• _Exercise goal_
Nothing but the records themselves, exactly as written and free of pictures, should appear in your response.

◇ ◇ ◇ ◇

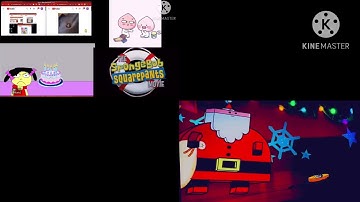 Up To Faster 96 Parison To Doodland And Crossover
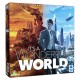 It’s a Wonderful World - VF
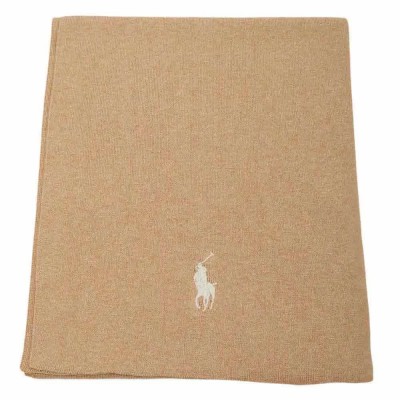 шал,ръкавици,шапки,и,шалове,polo,ralph,lauren,710886139,scarf,beige
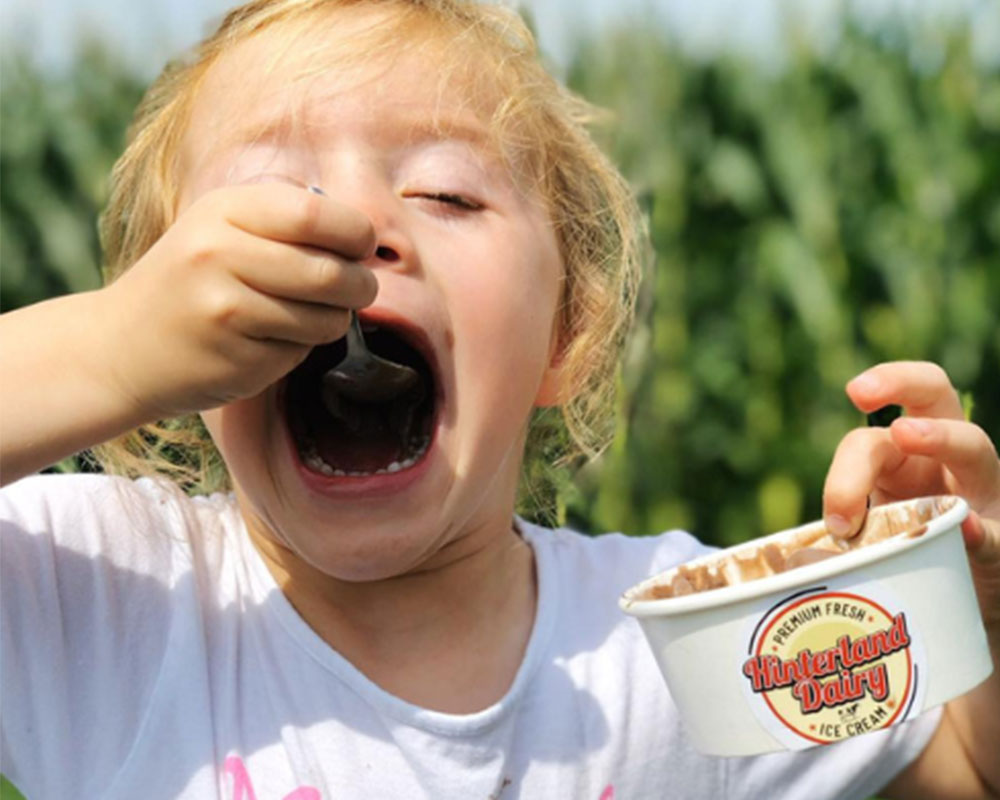 Untitled-design-63-update-3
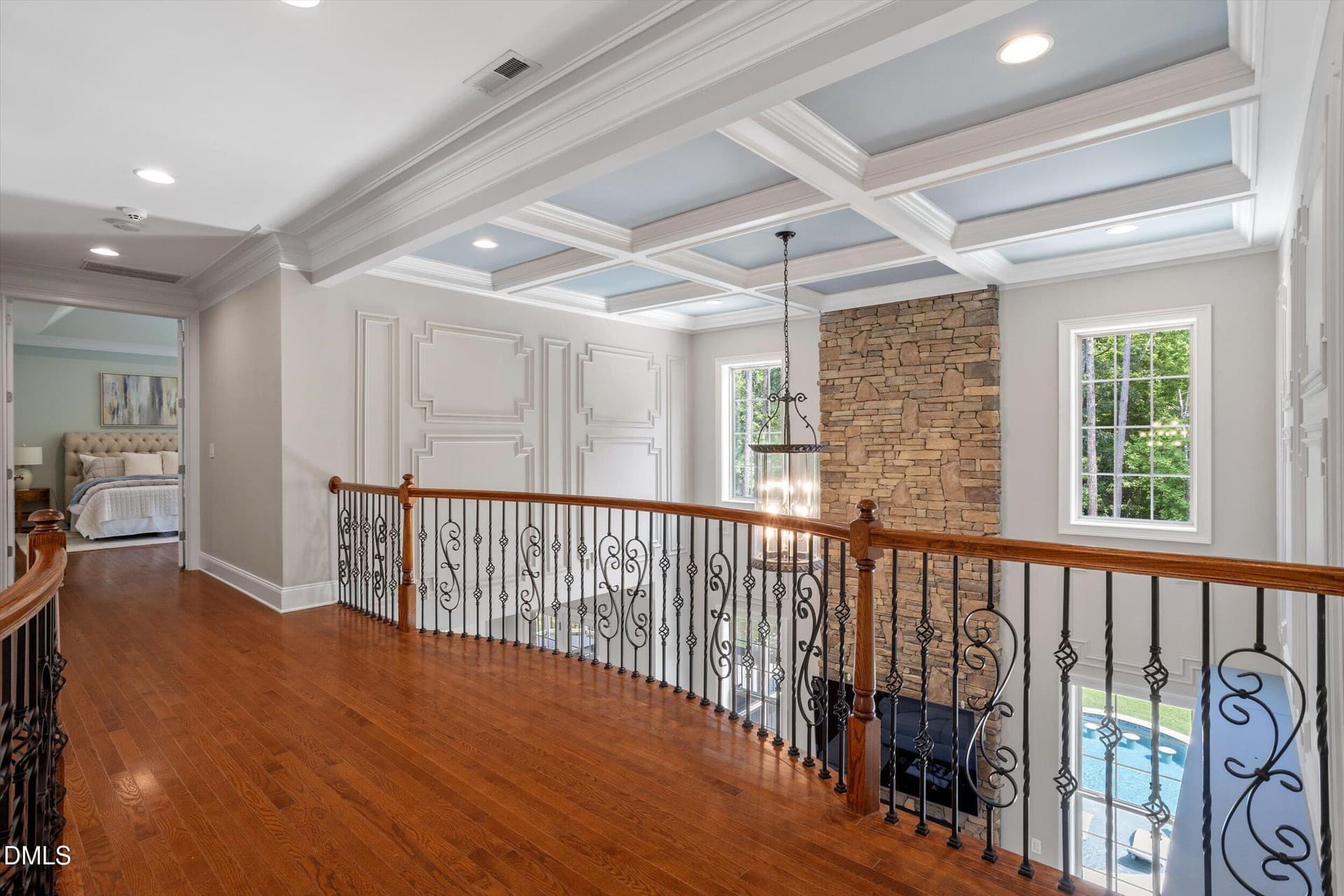 75-7304 Incline Dr [3326064]_08252026_57 - 7304 Incline Drive, Wake Forest, NC 27587
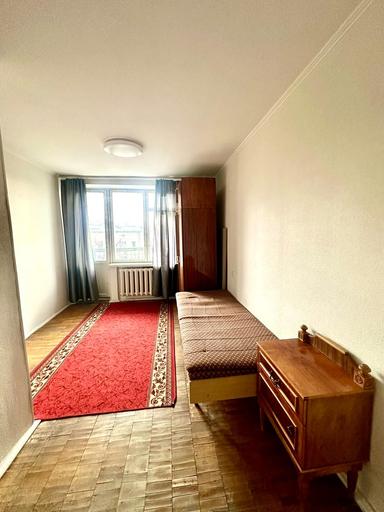 1-room apartment apartment by the address st. Bastionnyy per (area 22,8 m²) - Atlanta.ua - photo 16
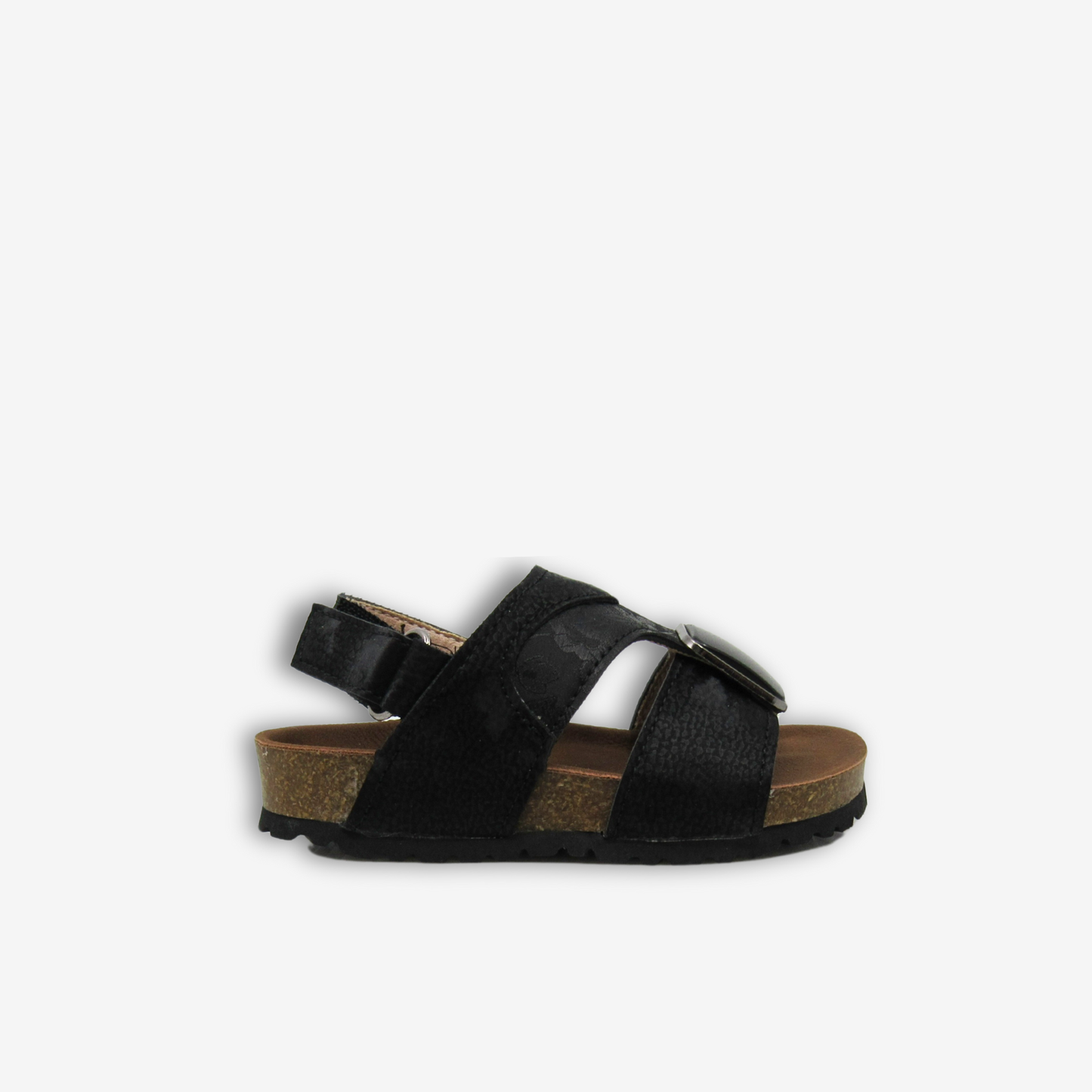 صندل ريو للأولاد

◇ ◇ ◇ ◇

• _Written response_
 Up To Faster 96 Parison To Doodland And Crossover
 It’s a Wonderful World - VF
 шал,ръкавици,шапки,и,шалове,polo,ralph,lauren,710886139,scarf,beige
 Untitled-design-63-update-3
 75-7304 Incline Dr [3326064]_08252026_57 - 7304 Incline Drive, Wake Forest, NC 27587
 1-room apartment apartment by the address st. Bastionnyy per (area 22,8 m²) - Atlanta.ua - photo 16
 صندل ريو للأولاد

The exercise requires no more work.